„Es liegt daran, dass Frauen Frauen sind“

Am Montag war der Vorarlberger Equal Pay Day. Er weist auf die Lohnunterschiede zwischen Männern und Frauen hin – die hierzulande im Bundesländervergleich am größten sind.
Seit Montag ist die Arbeit von Frauen in Vorarlberg bis zum Jahresende „gratis“. So könnte man die Auswirkungen des sogenannten Equal Pay Day beschreiben, der auf den Einkommenunterschied zwischen Männern und Frauen (Gender Pay Gap) hinweist. Und dieser ist hierzulande im Bundesländervergleich am höchsten. Männer haben somit mit gestern jenes Einkommen erreicht, für das Frauen noch bis Jahresende arbeiten müssen
Fast ein Viertel weniger
Ganzjährig vollzeitbeschäftigte Frauen erhalten für Erwerbsarbeit in Vorarlberg statistisch gesehen um 23,4 Prozent und damit fast um ein Viertel weniger Lohn als Männer. Das sind rund 14.000 Euro weniger im Jahr, informiert ÖGB-Landesfrauenvorsitzende Iris Seewald anlässlich des Stichtages.
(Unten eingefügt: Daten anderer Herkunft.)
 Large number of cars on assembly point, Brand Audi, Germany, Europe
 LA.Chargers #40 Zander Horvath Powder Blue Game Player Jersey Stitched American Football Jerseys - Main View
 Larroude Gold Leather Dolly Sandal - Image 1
Den unrühmlichen Platz als Schlusslicht hat Vorarlberg in diesem Ranking seit Jahren inne. Auch die Frauenpensionen sind hierzulande österreichweit am niedrigsten. So haben Vorarlberger Pensionisten bereits am 12. Juli so viel Pension bezogen, wie Pensionistinnen erst bis 31. Dezember bekommen. Und damit erhöht sich auch das Risiko von Altersarmut.
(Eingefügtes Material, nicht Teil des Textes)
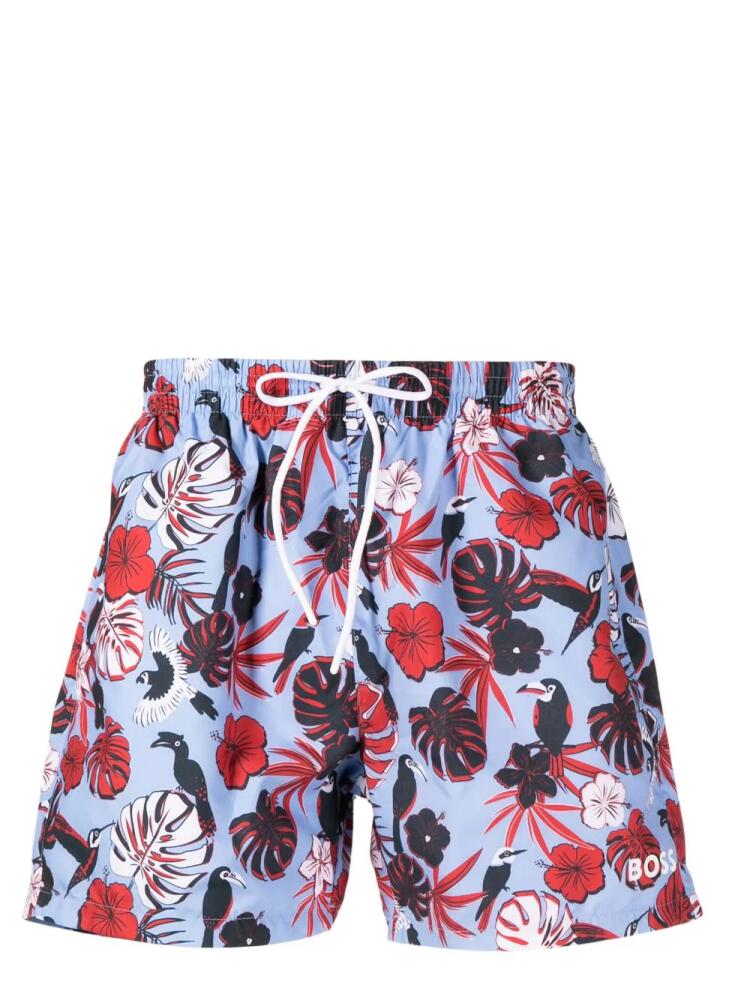 BOSS Piranha floral-print swim shorts - Purple Cover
Die Gründe für die ungleiche Bezahlung sind unterschiedlich, aber im Prinzip seit vielen Jahren dieselben. So nennt Frauenländesrätin Katharina Wiesflecker unter anderem „die Tatsache, dass Care-Arbeit nach wie vor Frauensache ist“ – und daraus resultierend Erwerbsunterbrechungen und Teilzeitarbeit, was wiederum niedrigere Löhne zur Folge habe. Ein weiterer Punkt sind die vergleichsweise häufig niedrigeren Gehälter in „Frauenberufen“, sprich in Berufen, in denen mehrheitlich Frauen tätig sind. Auch fehlende Lohntransparenz wird als Ursache geortet.
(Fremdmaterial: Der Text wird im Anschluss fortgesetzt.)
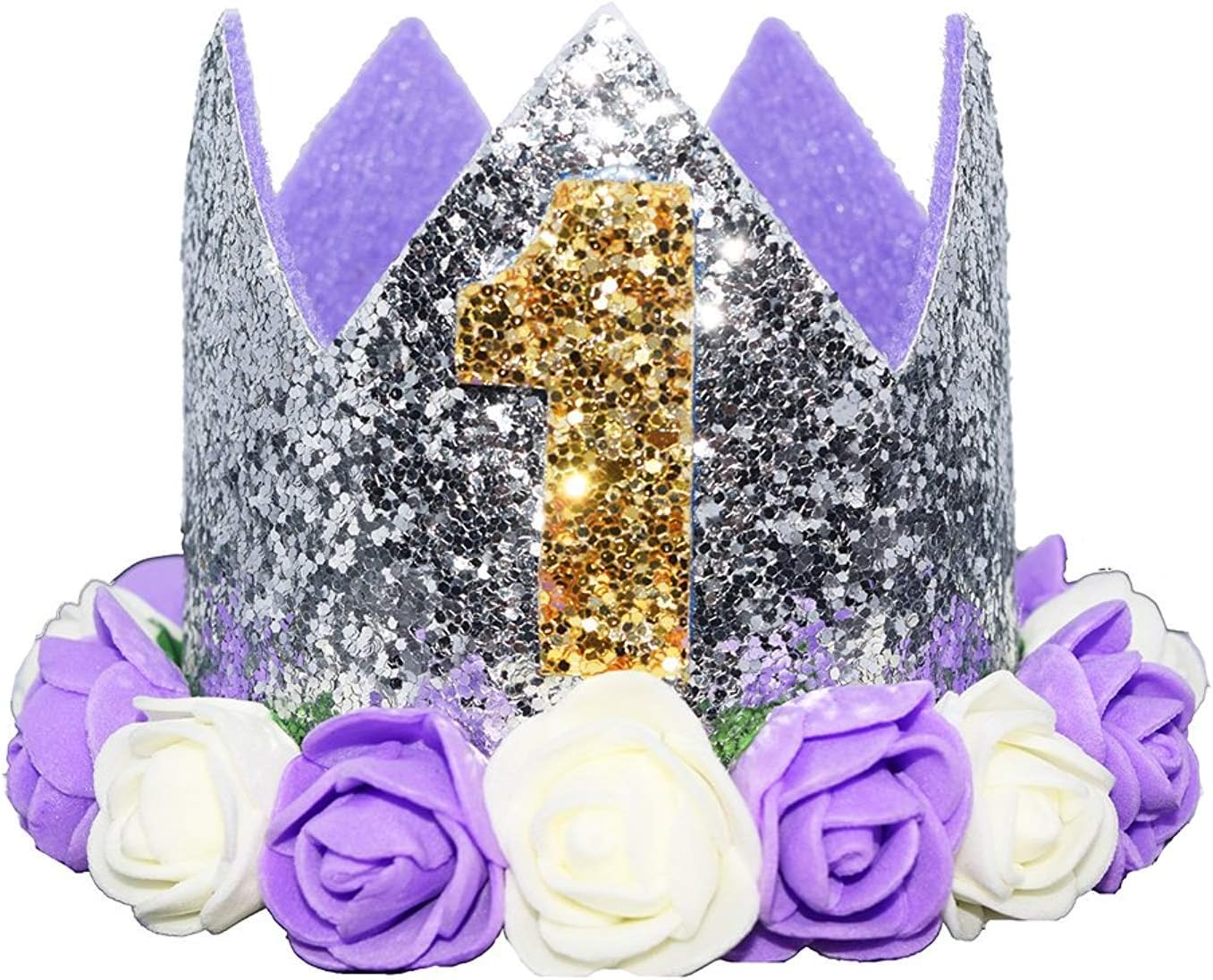 Glitter Baby Girls 1st 2 3 Birthday Floral Crown Flower Princess Tiara Cake Smash Photo Prop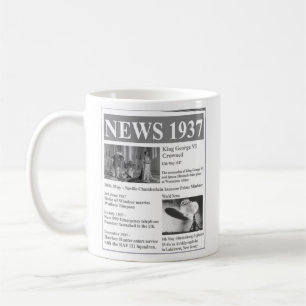 Glückliche 80. Geburtstag 1937 Nachrichten-Tasse Kaffeetasse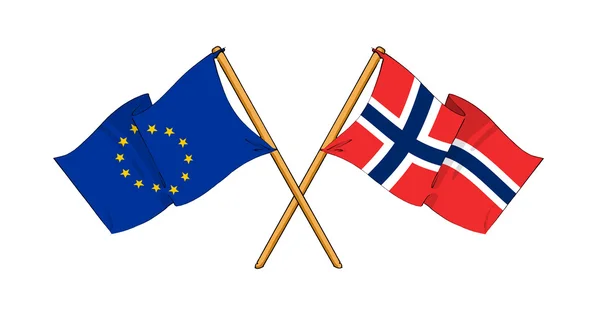 Unión Europea y Noruega alianza y amistad — Foto de Stock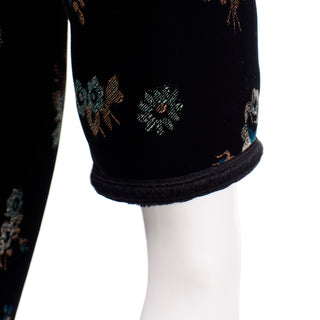 Vintage Mid Century Black Velvet Hand Printed Floral Midi Dress Silk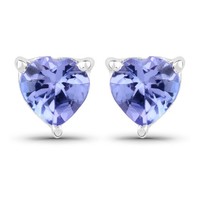 Cavill Tansanit Ohrringe Damen 0,38Ct Herz Silber 925 Rhodiniert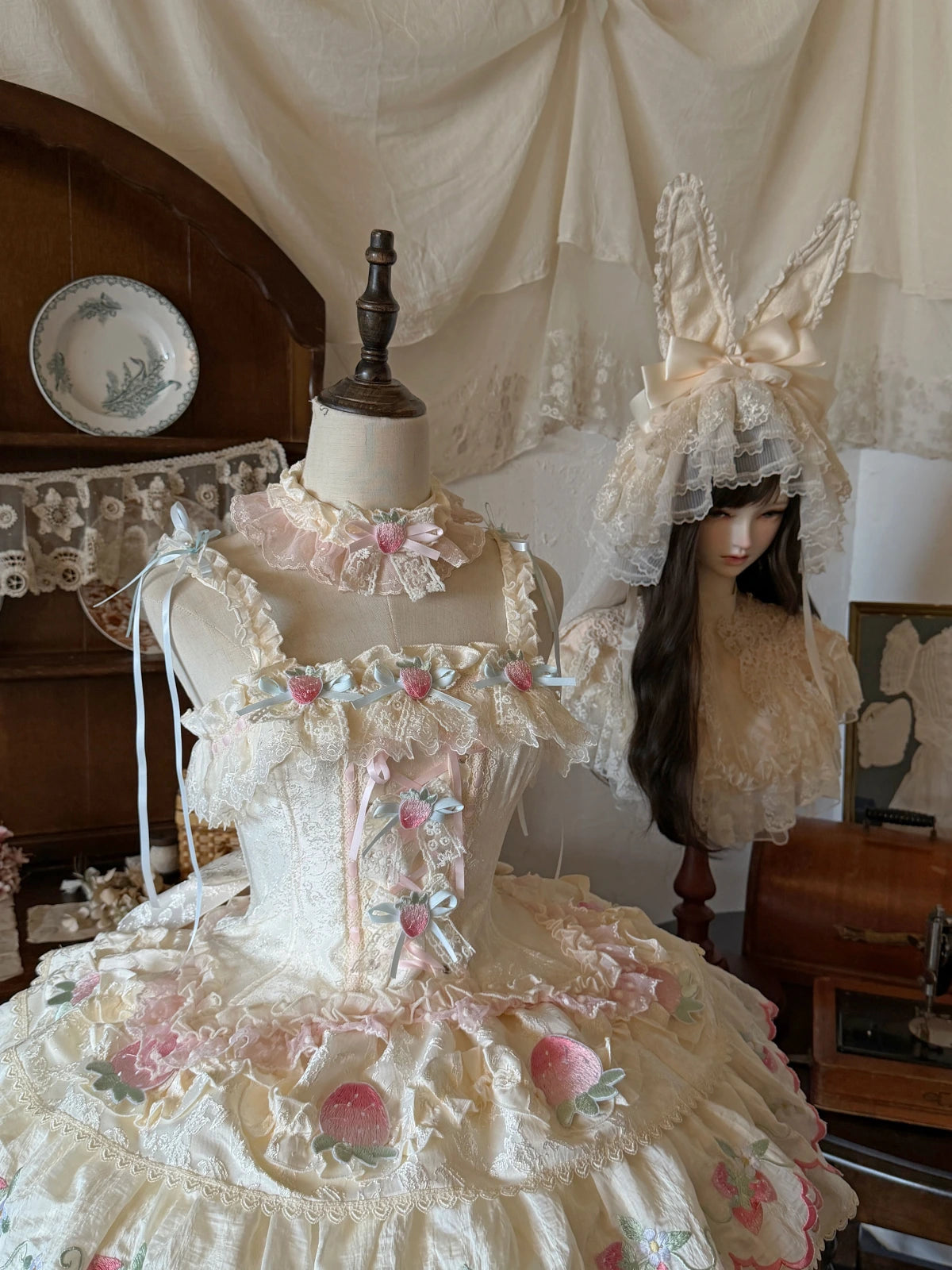 Strawberry Bunny Lolita Original Sweet Style Whipped Cream Dress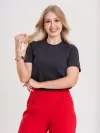 Camiseta Feminina de Algodão Lisa Manga Alongada Ana Grafite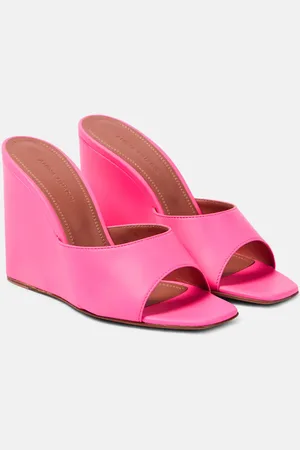 Amina Muaddi Lupita leather wedge mules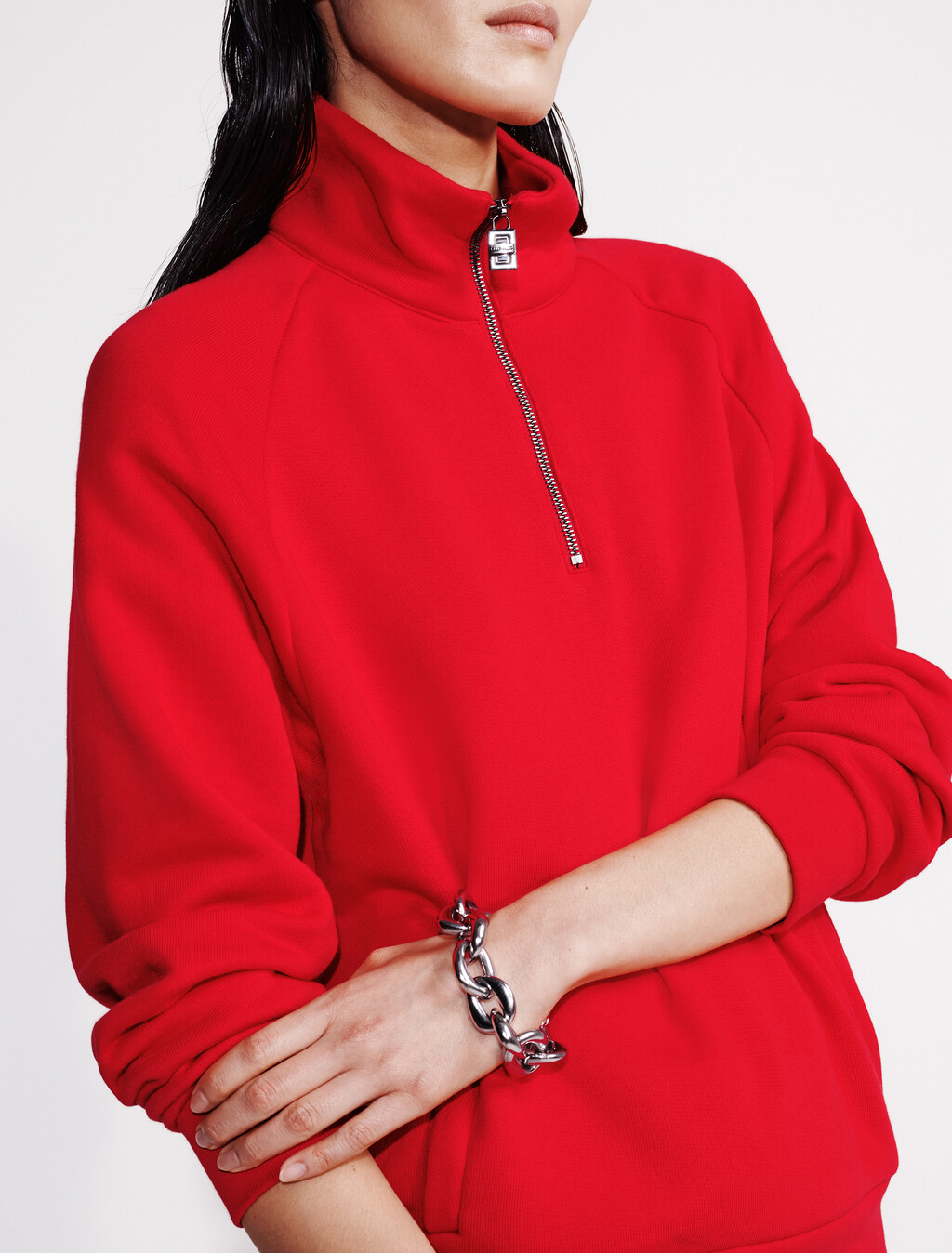 Terry Zip Polo Sweatshirt, Pantone Red, hi-res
Daneben gibt es aber noch einen weiteren Grund, wie Gewerkschafterin Seewald festhält: „Nur ein Drittel der Einkommensunterschiede ist laut einer Berechnung von Statistik Austria durch Gründe wie Branche, Beschäftigungsausmaß oder Unternehmensgröße erklärbar. Anders formuliert, können rund zwei Drittel nicht mit objektiven Kriterien belegt werden. Hier liegt es also nicht an der Berufswahl oder am Arbeitsvertrag, sondern schlicht an der Tatsache, dass Frauen Frauen sind.“ Für sie ein „unhaltbarer Zustand“: „Die ungleiche Bezahlung, die sich also aufgrund des Geschlechts ergibt, ist alles andere als gerecht und kann ohne Umschweife als Diskriminierung bezeichnet werden.“

Der klassische „Karriereknick“ erfolge mit der Geburt eines Kindes und der meist anschließenden Karenz, stellt auch Seewald fest. Auch sie spricht von Berufsunterbrechungen und einem zähen Wiedereinstieg, die Frauen viele Jahre in der Einkommensentwicklung zurückkatapultieren würden. Die Maßnahmen, die sie gegen die ungleiche Bezahlung fordert, sind nicht neu.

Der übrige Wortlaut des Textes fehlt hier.